Anemona Hartocollis, The New York Times
Published: 2019-04-20 03:29:10 BdST
Some of their children gave statements at the sentencing hearing, saying they were haunted by the abuse they suffered, but also saying in some cases that they had forgiven and still loved their parents. One of their daughters told a packed courtroom that the suffering “may have been bad, but it made me strong.”
“My parents took my whole life from me, but now I’m taking my life back,” said the young woman, who is now in college. She added, “I’m a fighter. I’m strong.”
The couple, David and Louise Turpin, cried and trembled as four of their children made statements, two of them through intermediaries, in Riverside County Superior Court.
One of the children, a young man who is studying software engineering at college, said that he had learned to ride a bike since being rescued. “Sometimes I just go on long rides because I enjoy it so much,” he said.
The children were rescued in January 2018 after one of the girls worked up the courage to escape by jumping from a window of the suburban Los Angeles home where they had been kept prisoner. She called 911 from a mobile phone she had grabbed from the house, and in a calm, clear voice described the years of abuse to a police dispatcher.
“I’ve never been out. I don’t go out much,” the girl told the dispatcher. She was 17, but her voice sounded like that of a much younger child, because, prosecutors said, her growth had been stunted by the abuse. The abuse left two of her sisters unable to bear children, authorities said.
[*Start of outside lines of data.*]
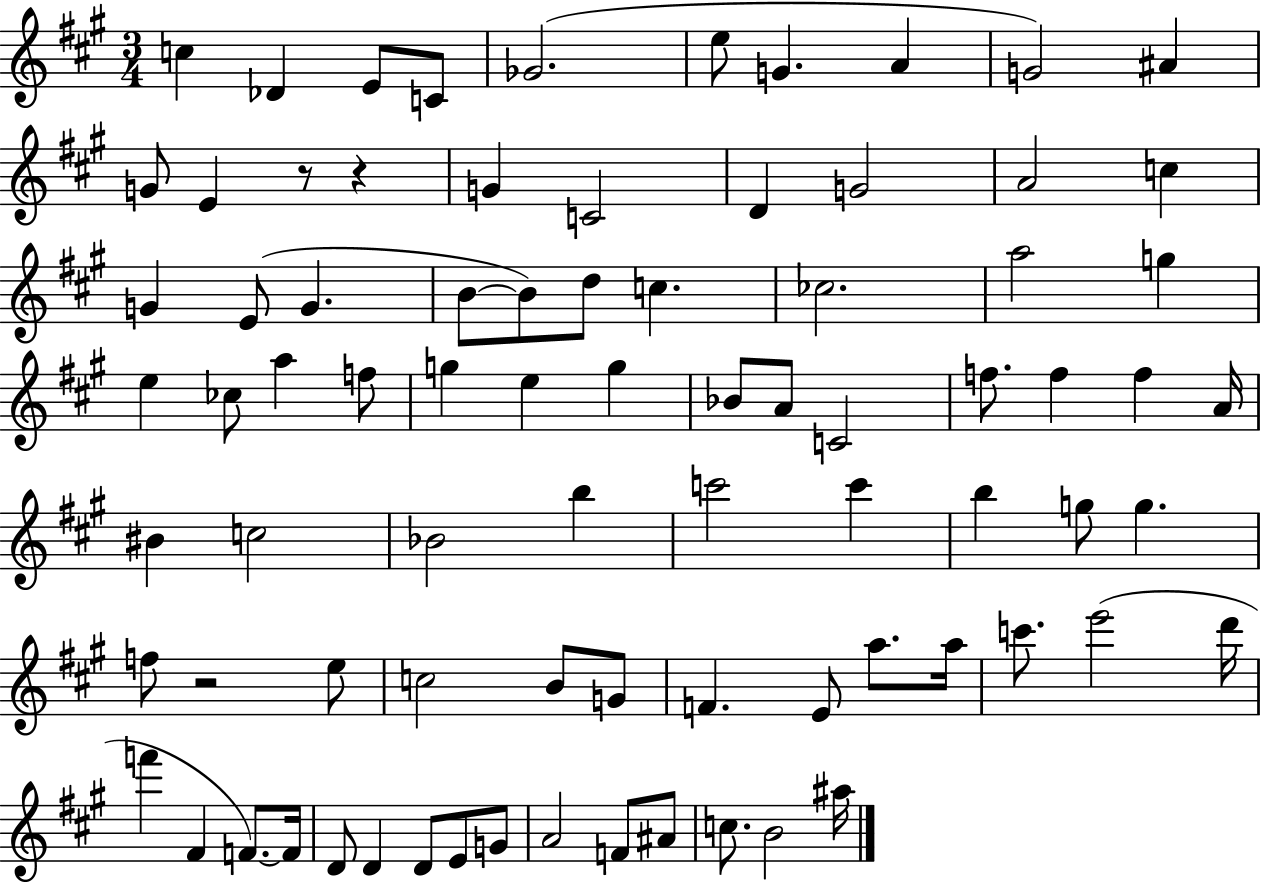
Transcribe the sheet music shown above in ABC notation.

X:1
T:Untitled
M:3/4
L:1/4
K:A
c _D E/2 C/2 _G2 e/2 G A G2 ^A G/2 E z/2 z G C2 D G2 A2 c G E/2 G B/2 B/2 d/2 c _c2 a2 g e _c/2 a f/2 g e g _B/2 A/2 C2 f/2 f f A/4 ^B c2 _B2 b c'2 c' b g/2 g f/2 z2 e/2 c2 B/2 G/2 F E/2 a/2 a/4 c'/2 e'2 d'/4 f' ^F F/2 F/4 D/2 D D/2 E/2 G/2 A2 F/2 ^A/2 c/2 B2 ^a/4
Now, in a reversal of fate, the parents, who pleaded guilty to multiple counts of torture and abuse, are likely to spend the rest of their lives locked up. They will be eligible for parole after 25 years, prosecutors said, but unless a parole board decides otherwise, they will probably remain in prison for life.
The children ranged from 2 to 29 years old when they were found. Some were emaciated and appeared to have cognitive deficiencies from the abuse. Only the toddler did not appear to have been abused, authorities said.
During the hearing Friday, the children revealed some disturbing details of their captivity. One of the daughters said that the children had been shackled because their parents were afraid they were consuming too much sugar and caffeine. But her parents continued buying bottles of soda, she said, because if their father did not have it, he might fall asleep while driving and get into an accident.
Some of the children described their household as a religious place where they believed what was happening to them was God’s will. One of them quoted a Bible verse about trusting in God.
Their words evoked the strange mix of terror and unreality that reigned in the household. The young woman who described herself as a fighter said, “I saw my dad change my mom. They almost changed me.”
To their neighbours, the family seemed normal, if reclusive. David Turpin, 57, had been an engineer for Lockheed Martin and Northrop Grumman. Louise Turpin, 50, apparently stayed home. They lived in a nondescript stucco home in the small working class city of Perris, about 70 miles east of Los Angeles. Neighbours rarely saw the children outside the home. It was neatly kept on the outside, and so did not arouse suspicion. But it reeked of human waste on the inside, where the children were often not released from their shackles to go to the bathroom.
Three of the children — all but the first to speak — said they still loved their parents. None of the children were identified by name. The young man said he still had nightmares about his siblings being chained up. “But that is the past, and this is now,” he said. “I love my parents and have forgiven them for a lot of the things they did to us.”
Their parents also addressed the court. “I never intended for any harm to come to my children,” David Turpin said. “I miss all of my children and will be praying for them.”
Louise Turpin said through tears that she wanted to hug her children and tell them how sorry she was. “I only want the best for them,” she said.
The judge, Bernard Schwartz, was unmoved. Children, the judge said, are “a gift,” but the parents had forfeited their right to raise them by their “selfish, cruel and inhuman treatment.”
“Their lives have been permanently altered,” he said, adding, “To the extent that they do thrive from today, it will be not be because of you both, but in spite of you both.”